First Quarter 2017 Overview

  • Total revenue declined approximately 1% year-over-year to $47.7 million

  • Revenue at Lexia, the Company’s Literacy segment, grew 34% year-over-year to a record high $10.2 million. Adjusting for the impact of purchase accounting on Lexia's revenue, first quarter 2017 revenue would have been $10.8 million, up $1.8 million or 20% year-over-year, compared to $9.0 million in the year-ago period

  • Total operating expenses decreased $9.5 million or 20% year-over-year, representing the Company's ninth consecutive quarter of year-over-year expense reductions. General and administrative expenses decreased 26% year-over-year and sales and marketing expenses decreased 22% year-over-year

  • The Company posted net income of $0.5 million or $0.02 per diluted share; first quarter 2017 results included (pre-tax) restructuring charges of $0.8 million

  • Cash and cash equivalents totaled $39.7 million at March 31, 2017, up $3.5 million from December 31, 2016 reflecting normal seasonality that was more than offset by the receipt of the first $9.0 million in payments from the previously announced strategic Japan transaction with SOURCENEXT, and the Company had zero debt outstanding

“Consolidated revenue was essentially flat year-over-year, reflecting another strong quarter at Lexia that offset expected declines in our Consumer and Enterprise & Education Language segments following the significant restructuring of those businesses over the last two years,” said John Hass, Chairman, President and Chief Executive Officer. “I am also excited to begin our strategic partnership with SOURCENEXT in Japan, which is progressing as planned starting with the receipt of $9.0 million of an expected $13.0 million of initial payments. We also recently entered into an agreement to sell our Japanese entity to SOURCENEXT and we expect to close that transaction in the near term.”

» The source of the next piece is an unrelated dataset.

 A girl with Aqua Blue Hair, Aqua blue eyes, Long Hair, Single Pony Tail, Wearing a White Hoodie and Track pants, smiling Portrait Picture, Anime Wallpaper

Earlier this year, Rosetta Stone announced that it had entered into a strategic partnership with Japanese software pioneer SOURCENEXT to expand the Company’s language-learning offerings and geographic reach. SOURCENEXT has been granted a perpetual, exclusive license to sell and develop language and education products and services in Japan using the Rosetta Stone brand and trademark.  As part of the license agreement, Rosetta Stone will have first rights to license products developed by SOURCENEXT under the Rosetta Stone brand and trademark for resale in territories outside of Japan.

First Quarter 2017 Review

Revenue: Total revenue declined $0.3 million year-over-year to $47.7 million in the first quarter 2017. Revenue at Lexia, the Company's Literacy segment, grew 34% year-over-year to a record high $10.2 million. Adjusting for the impact of purchase accounting, Lexia's revenue would have been $10.8 million in the first quarter 2017 compared to $9.0 million in the year-ago period, and Lexia's pro forma revenue growth rate would have been 20% year-over-year.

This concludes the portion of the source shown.